[Instructions to follow]: Return exactly, with nothing added, the lines from the one that contains "2025-26 Topps Holiday" through the end of the listing below, pictures excluded.

[Data section]:
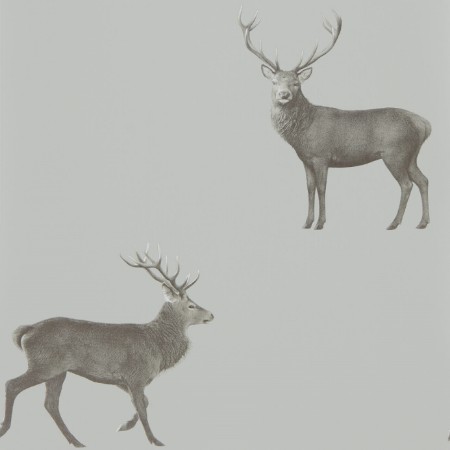 Image de Evesham Deer Silver Grey - 216619
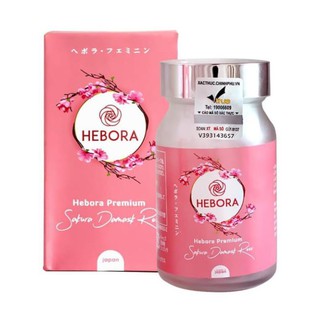 VIÊN UỐNG THƠM TOÀN THÂN HEBORA NHẬT BẢN 60 viên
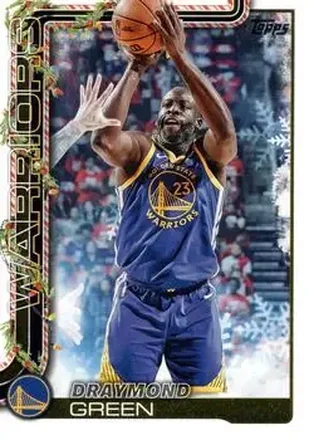 2025-26 Topps Holiday #H108 - Draymond Green - Golden State Warriors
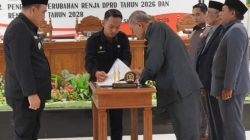 DPRD Pemalang Sahkan Perubahan APBD 2026, Seluruh Fraksi Sepakat Setuju DPRD Pemalang Sahkan Perubahan APBD 2026, Seluruh Fraksi Sepakat Setuju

[Final answer]:
 2025-26 Topps Holiday #H108 - Draymond Green - Golden State Warriors
 DPRD Pemalang Sahkan Perubahan APBD 2026, Seluruh Fraksi Sepakat Setuju DPRD Pemalang Sahkan Perubahan APBD 2026, Seluruh Fraksi Sepakat Setuju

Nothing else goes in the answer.